Of course....I also want to add that as far as Branden was concerned he makes friends super easily. So he ended up making friends pretty much right away. And by the end of the first grade year...all of the kids (not just Branden) had made so many friends and intermingled. It didn't really matter in the end who went to yochien or which yochien or who went to hoikuen. However yes....I'd be lying to say the first six month's wasn't tough on us yochien parents (the kids got over it faster then us parents did). Again...it's different for us here because our town has no yochien. So the playing field wasn't fair to begin with.

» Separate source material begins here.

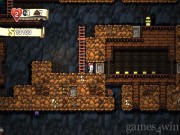 Spelunky 2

Now fast forward. Noah has been going to yochien all these years. And there is also 1 other boy who lives and comes from our town. When Noah was a yellow badge for the 2 months he was a baragumi but that boy did not start as a yellow badge like Noah did. That boy didn't start there until the he was a red badge in April of that year. So, when Noah was a red badge, pink badge he was a yurigumi (in the lily class) however that other boy was always in the baragumi class (the rose class), they have *never* been in the same class together. So it is fair to say they really do not know each other the way Branden and Genki knew each other. Also, every observation day I went to at Noah's school all these years...I stood in the yuri class. While his mom obviously stood in the baragumi class. So we don't really know each other either. Finally this year, all the blue badges joined 1 class. This is the first year ever that they are actually in the same class. Also that boy rides the bus. I meanwhile have a time scheduling conflict since I have an older son... so I give Noah a ride daily. So again, they don't know each other really at all.

However with this being our final year. And with us knowing what's coming next year...... Anyway at the picnic last week. The mom's were all chatting about.... which school is each kid moving on to yada yada. I know she knows and realizes it'll be just me and her. And I clearly am realizing this now too. : ) A few times during the picnic, I found her smiling at me. From a far like during her lunch and whatnot. I was sitting with my main set of friends and eating too.. but yeah I found myself smiling at her once or twice now too. We know what is coming next year it's just gonna be us, her and I. Her son and Noah.

During the picnic, she went up to Noboru and spoke to him. I was chatting with the Jogo-san at the time....while they chatted. She told Noboru, I saw your wife last week at the plaza" (the plaza is the pickup point for the shogakko kids in our town) "Was she picking up your other son?" Also....what time does elementary start and finish. Because next year her second child a little girl. Will start the yochien. And she is getting worried if she will have a time conflict. Because she feels her son walking to the shogakko from where they live, is too far etc. Anyway....she is starting to look to next year. As am I. She knows I am most definitely in her future.: ) And I know she is most definitely in mine.: ) So now we have 1 year. 1 year to get more comfortable with one another.

Last week we had the shaon kai meeting. This is a thank you party for the teachers for after the kids graduate. Last year during one of the pink badge mother's luncheons.....we decided do you want to join the yearbook staff or join the shaon kai group. My friends and I all whispered...join the shaon kai. Anyway....so this year our work is to begin. Last year at the mother's lunch. I sat on the opposite table as "same town" mom. And I wasn't really aware or looking which group she picked. So I didn't pay attention.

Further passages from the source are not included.